TASK INSTRUCTIONS:
Output everything in the data exactly, leaving the pictures out.

INPUT FOR THIS TASK:
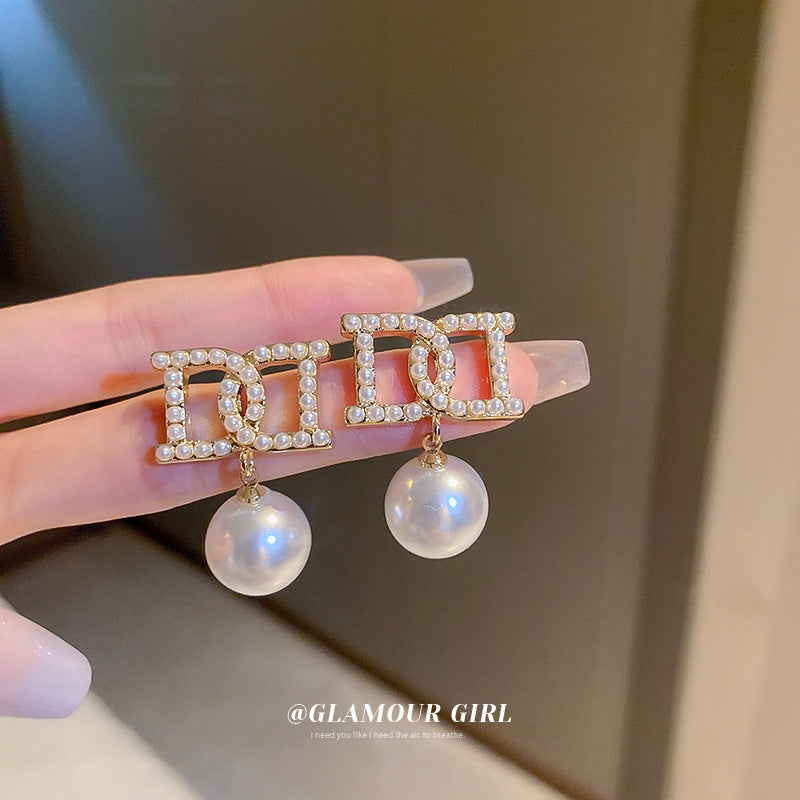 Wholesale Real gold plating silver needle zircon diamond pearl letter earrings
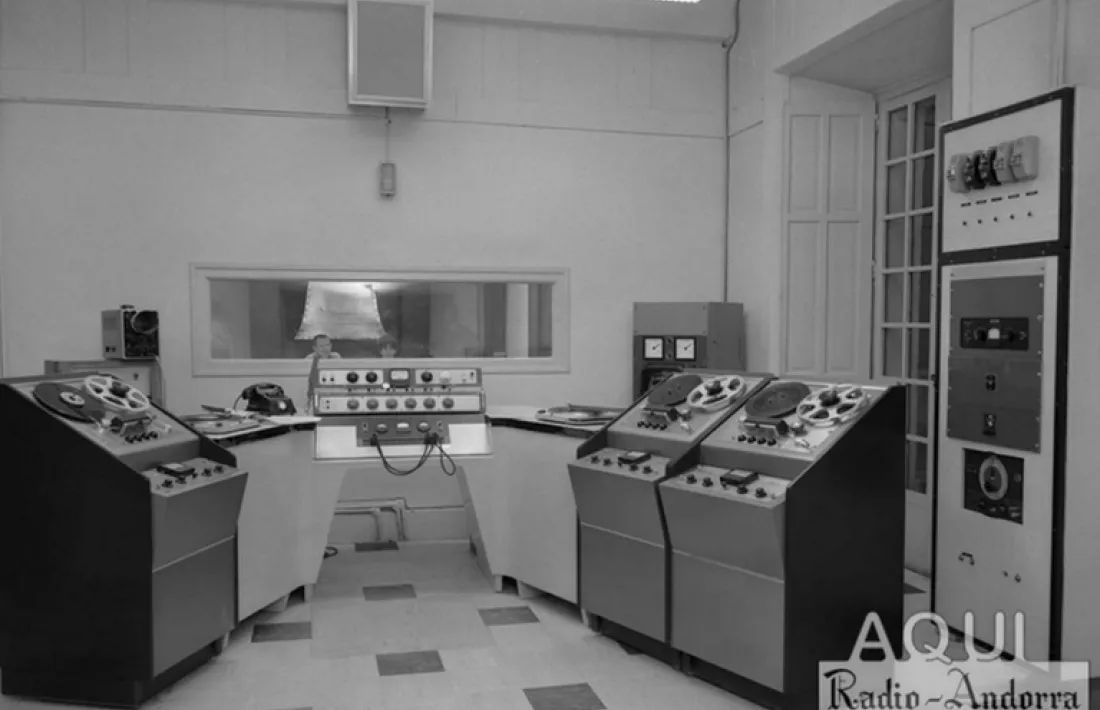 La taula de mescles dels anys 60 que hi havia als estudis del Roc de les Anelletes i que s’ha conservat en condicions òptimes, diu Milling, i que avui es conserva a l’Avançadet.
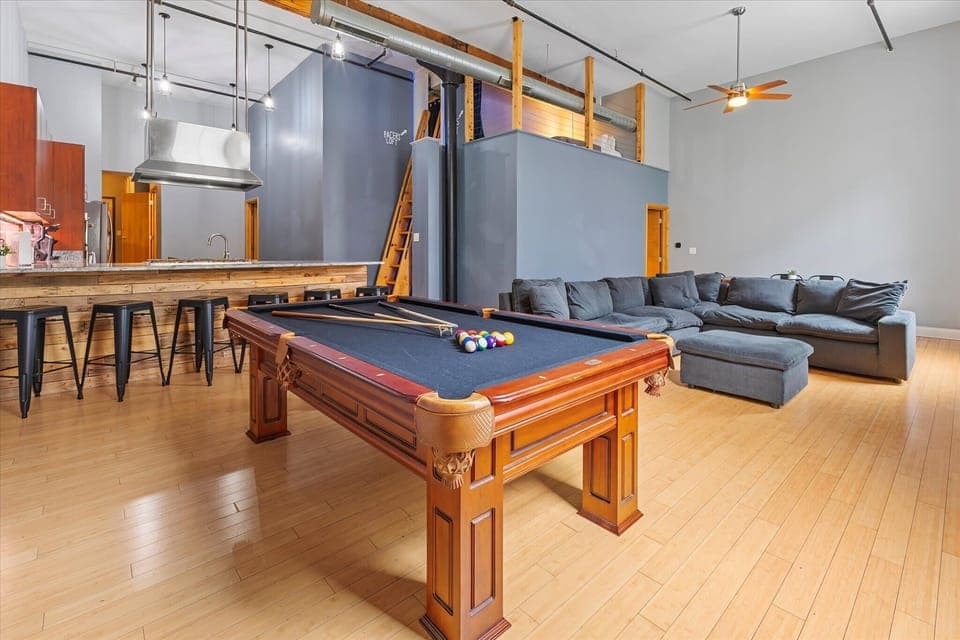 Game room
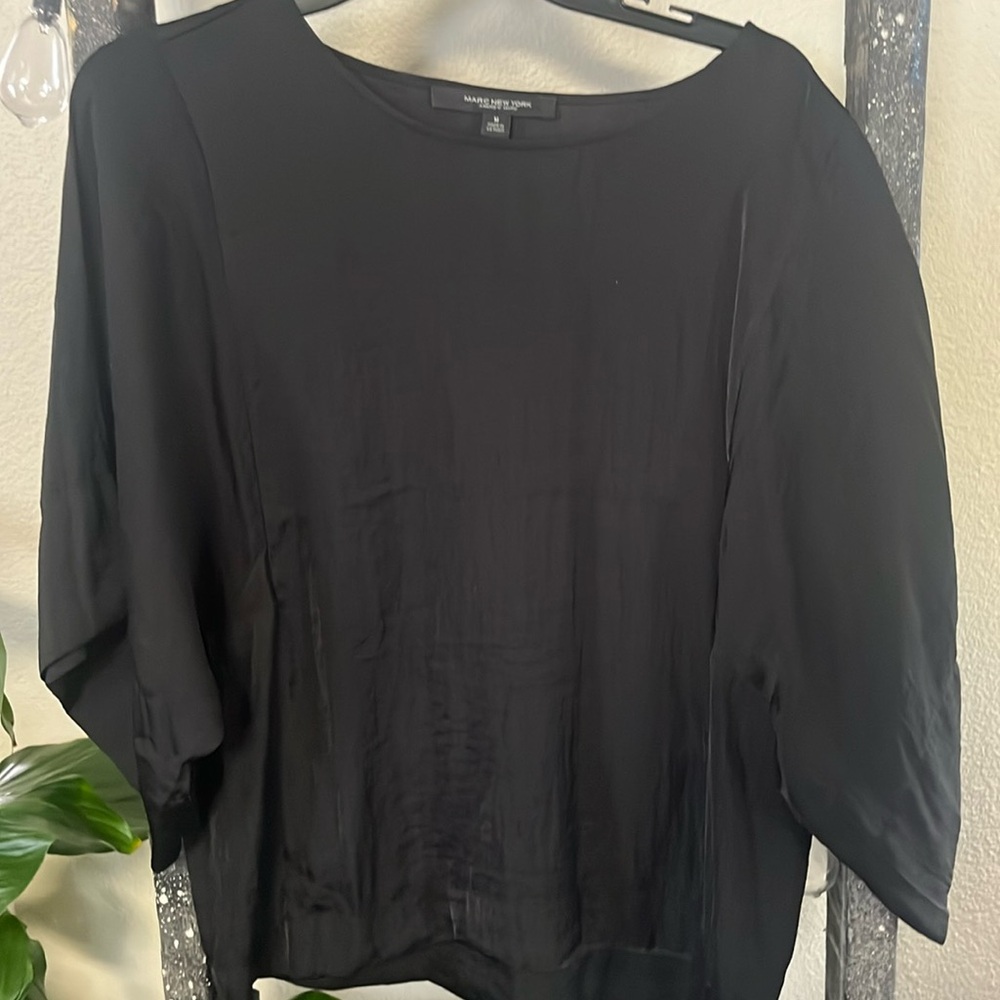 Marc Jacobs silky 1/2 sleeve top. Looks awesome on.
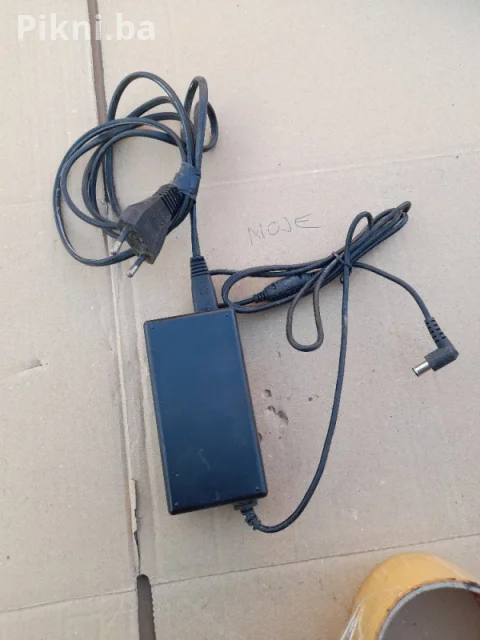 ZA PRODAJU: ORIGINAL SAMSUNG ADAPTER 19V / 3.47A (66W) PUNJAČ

EXERCISE SOLUTION:
 Wholesale Real gold plating silver needle zircon diamond pearl letter earrings
 La taula de mescles dels anys 60 que hi havia als estudis del Roc de les Anelletes i que s’ha conservat en condicions òptimes, diu Milling, i que avui es conserva a l’Avançadet.
 Game room
 Marc Jacobs silky 1/2 sleeve top. Looks awesome on.
 ZA PRODAJU: ORIGINAL SAMSUNG ADAPTER 19V / 3.47A (66W) PUNJAČ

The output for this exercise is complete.